Mr. Crawford: I welcome the agreement on beef labelling but the meat that most seriously needs labelling is poultry. When will that be brought into force? The information given to the Joint Committee on Agriculture and Food suggested that very little progress was being made. Poultry producers and consumers are anxious about this because they have no idea where poultry meat comes from, what label it wears and what changes of label are being made on boxes brought in here.
Mr. B. Smith: The Minister consistently raises substantial transformation at the Council of Ministers meeting and at meetings with the Agriculture Commissioner and with Commissioner Kyprianou as well. Yesterday a week ago she raised it at the most recent meeting of the Council of Ministers. It is of interest to the producer, the processor and the consumer.

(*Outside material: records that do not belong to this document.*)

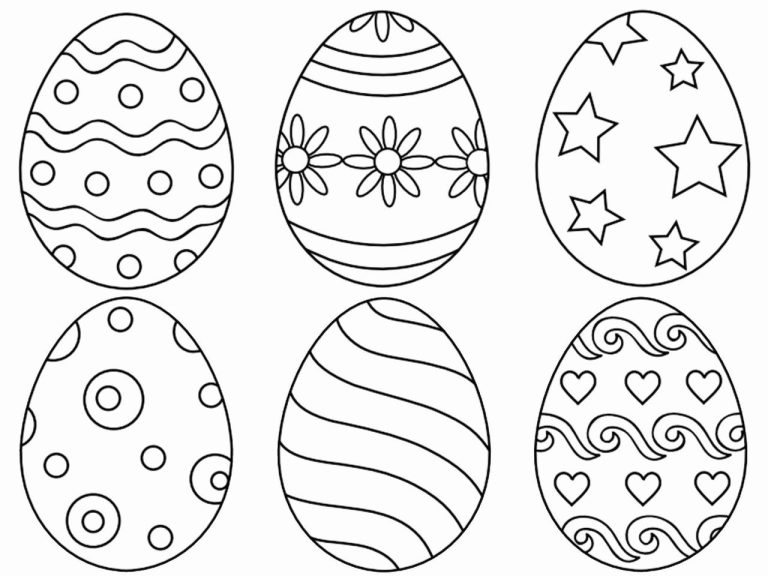 Egg Coloring Page Printable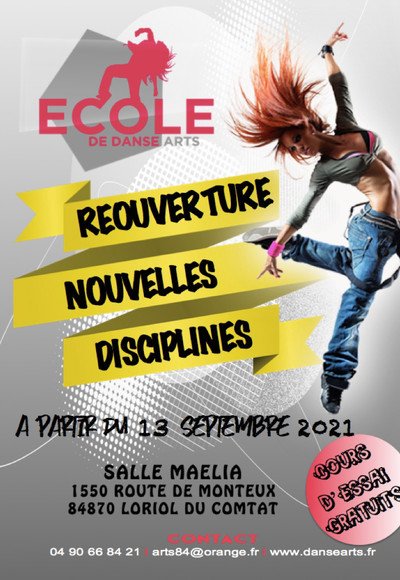 ASSOCIATION ARTS - Nouveaux Cours à l'ECOLE DE DANSE ARTS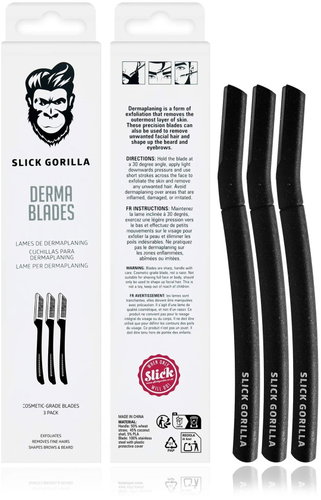 SLICK GORILLA Derma Blades 3 ks - Straight Razor - Main image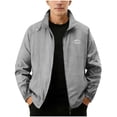 thumbnail image 3 of UVEASISHA Big and Tall Rain Jackets for Men UPF 50+ Sun Protection Hiking Jacket Outdoor Lightweight Quick Dry Zip Up Coat Thin Outerwear with Pockets Gray XL, 3 of 8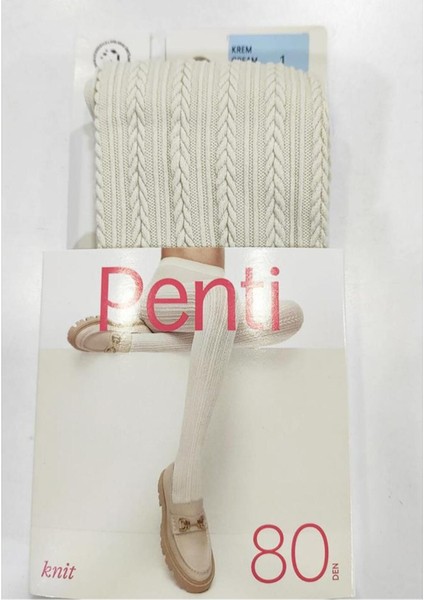 Knit Kadın Desenli 80 Denye Külotlu Çorap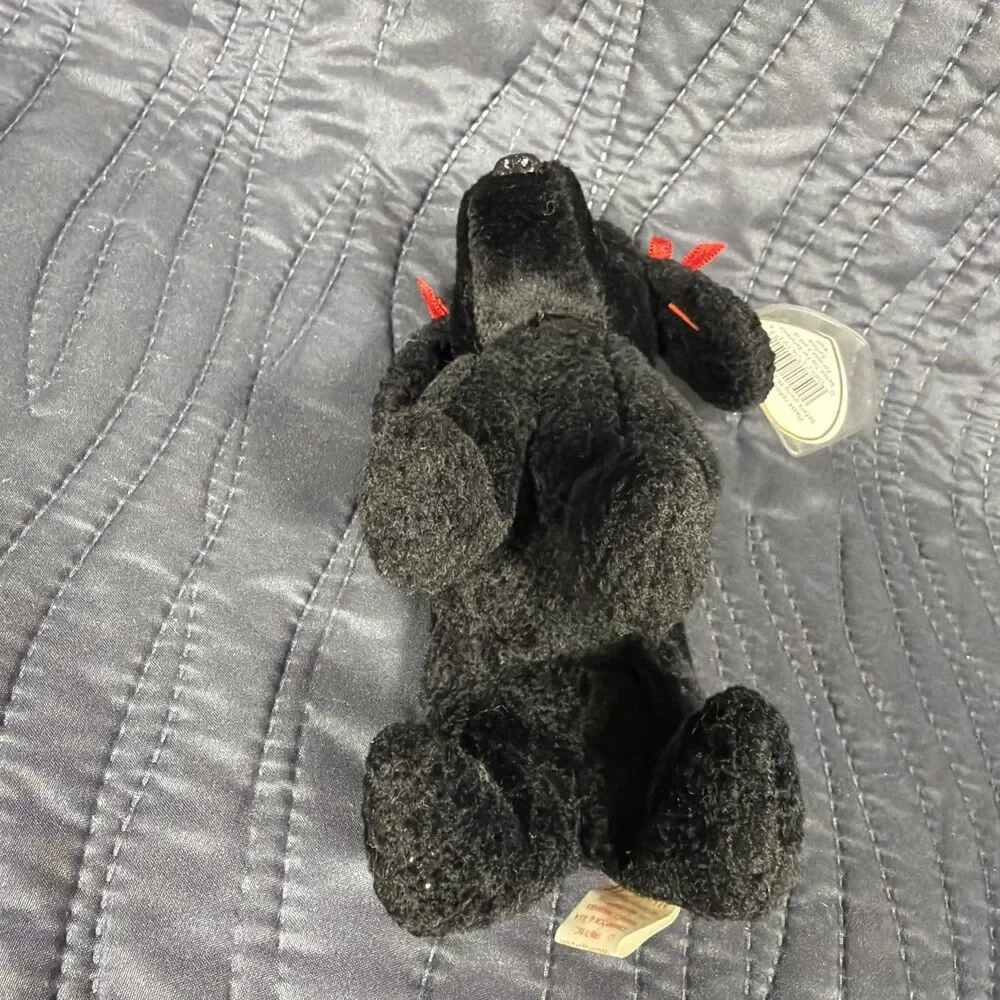 Ty Beanie Babies Collection GiGi Black Poodle Plush w/ Hang Tag 1998 MWMT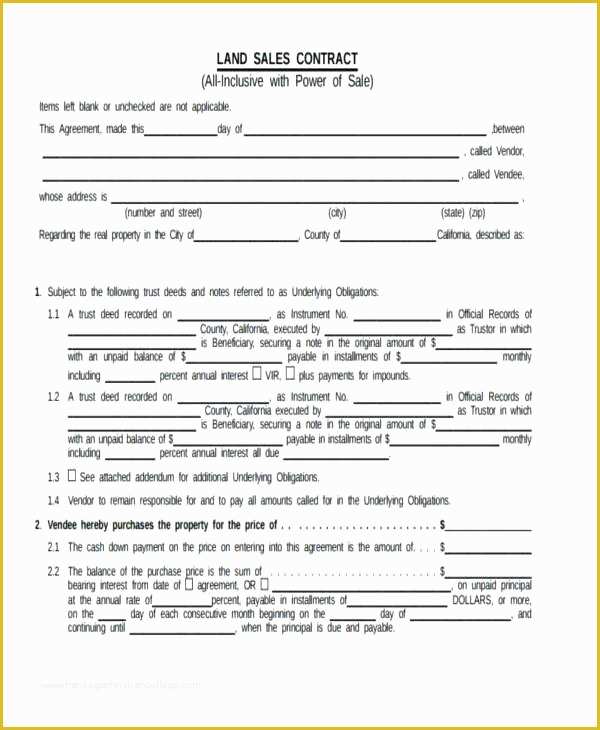 Free Real Estate Sales Agreement Template Of Real Estate Sales Contract Template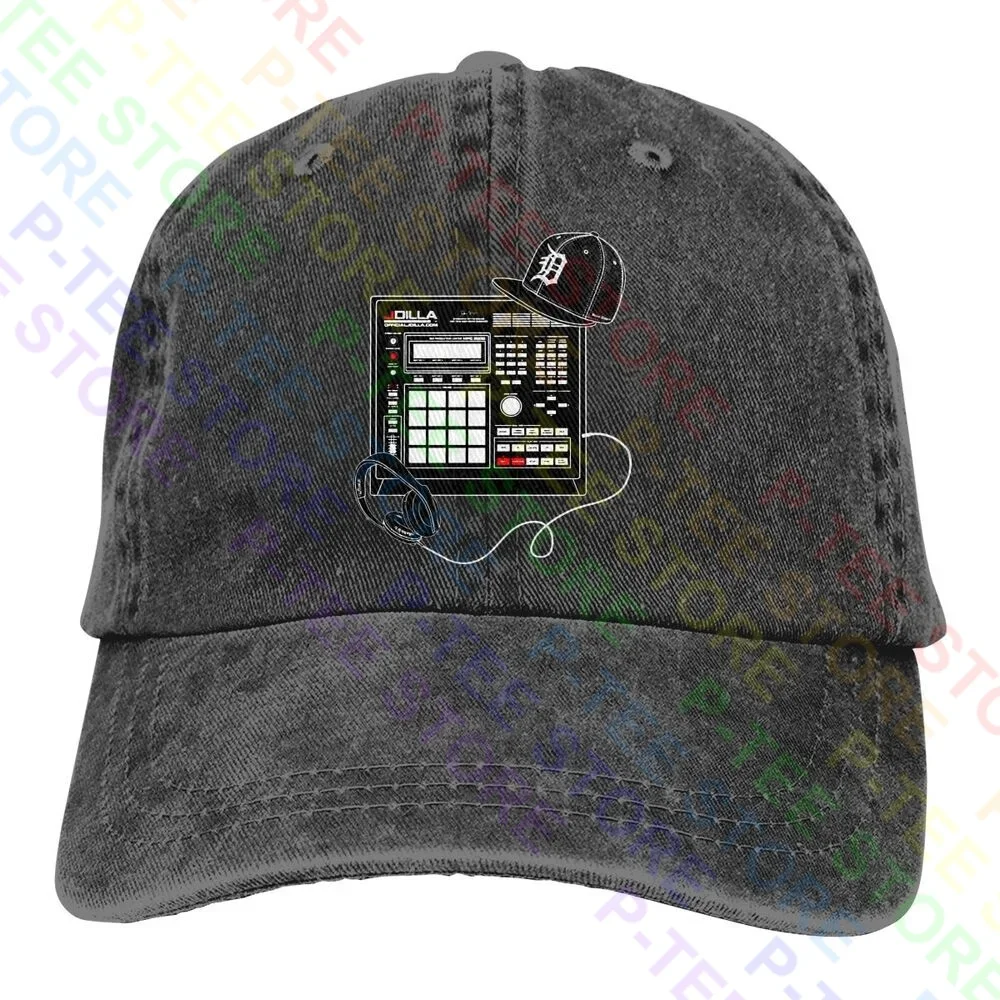 J Dilla Merch Drum Machine Beat Akai Mpc Hip Hop Rap Washed Denim Berretto Da Baseball Trucker Cappelli Splicing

We have put forward our concerns on this issue very strongly and identified the areas where we believe it needs to be addressed. We hope progress will also be made on the basis of the recent consultative document produced by the Commission. We will keep this issue at the top of the agenda.
Dr. Upton: While I welcome the progress being made for 3 July, it is long overdue. Scarcely a week goes by without some issue arising about labelling, lack of it, or mis-labelling on foods. For example, a couple of weeks ago it was found that Irish honey contained honey from China. The best way to establish the origin of a carton of eggs is to take a peek at the underside of the carton and if one can interpret the code number one will know whether it comes from Ireland, the Czech Republic, Germany, or wherever.
The Food Safety Authority lacks resources to ensure that all Irish products can be guaranteed to be what they should be and that the labelling is adequate. I urge the Minister of State to ensure those facilities are provided to the Food Safety Authority, in so far as he is involved in that decision.
Mr. Naughten: I accept the Minister of State’s point about labelling but the Food Safety Authority has highlighted the Department’s failure to police and licence the legislation. What is the Minister of State doing to ensure the current legislation is enforced?
Mr. B. Smith: The enforcement of food labelling regulations is centralised in the Food Safety Authority of Ireland which ensures that the appropriate controls are carried out by the relevant official agencies.
In response to Deputy Upton, the FSAI stated that in a survey of 20 randomly selected Irish honeys sourced from various manufacturers four were found not to be Irish. The FSAI is working with the various people involved with the retailers to ensure the affected products are removed from sale. It will apply the sanctions appropriate to this issue.